It does not make you less likely to be hit, like Dungeons & Dragons states, but instead absorps impact energy, decreasing wounds.
The price that the armored warrior pays is encumbrance and hampered senses.
But how much?
Using the data listed above, you can build many different armor "systems". Players who want detail should go for "piecemeal armor", where different parts of the body are protected by different pieces of armor. Attacks should be directed at those specific parts of the body and the type of attack (thrust / slash / crush) should be specified too. You can calculate the protection value of the armor by multiplying: construction type x material x thickness x quality. Similar formulas can be set up for other attributes like weight, freedom of movement, loudness, hampering of the senses and cost.
If you do not want so much detail, you can calculate an overall armor score by rating the whole as the weighted average of the parts. For instance: This value 8 helmet combined with this value 6 cuirass, which also covers the shoulders, without any other protection, has a total value of ((8 x 20%) + (6 x (25% + 15%)) / 100% = 1.78, rounded to 2.
If even that is too much work, you can use predefined sets of armor and have each rated at a fixed value.

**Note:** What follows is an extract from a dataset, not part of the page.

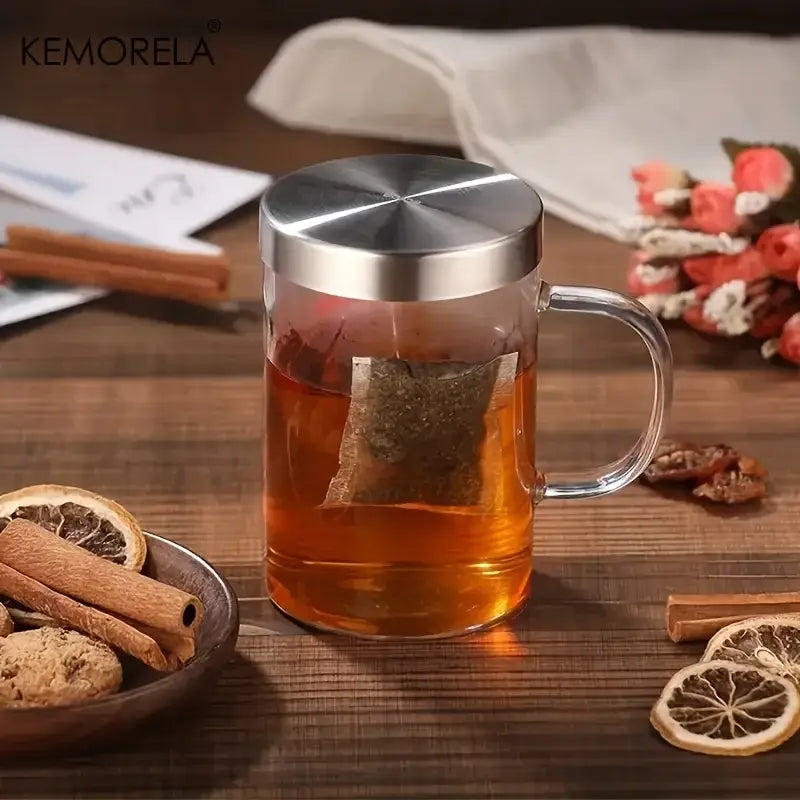 DecorBites™ 477ML Glass Tea Infuser Mug | Borosilicate Glass with Stainless Steel Infuser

For instance: This humble brigandine has an armor rating of 2, while this splendid royal suit of plate armor rates at 9.
- Good introduction: http://www.medievalwarfare.info/armour.htm
- The museum of the Salish has a nice introduction on armor: http://www.temixwten.net/biblio/IQP-EvolutionOfMaterials-MedievalEra.pdf.

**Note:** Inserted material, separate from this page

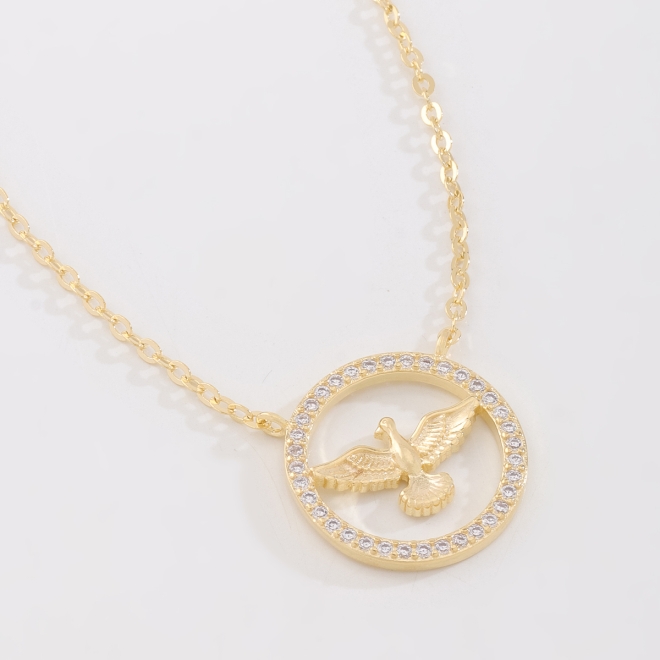 GR-02645-GARGANTILHA DIVINO ESPÍRITO SANTO CRAVEJADA COM ZIRCÔNIAS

- Replicas, reviews, articles and discussions on medieval armor and weapons can be found at https://www.myarmoury.com/.
- Matthew Amt has a nice collection of information and hyperlinks about ancient Greek hoplites, including their armor, at https://www.larp.com/hoplite/index.html.
- This: http://www.steamfantasy.it/blog/2008/02/23/le-armature-una-panoramica-degli-acciai/ Italian website has good numbers on hardness and penetration tests.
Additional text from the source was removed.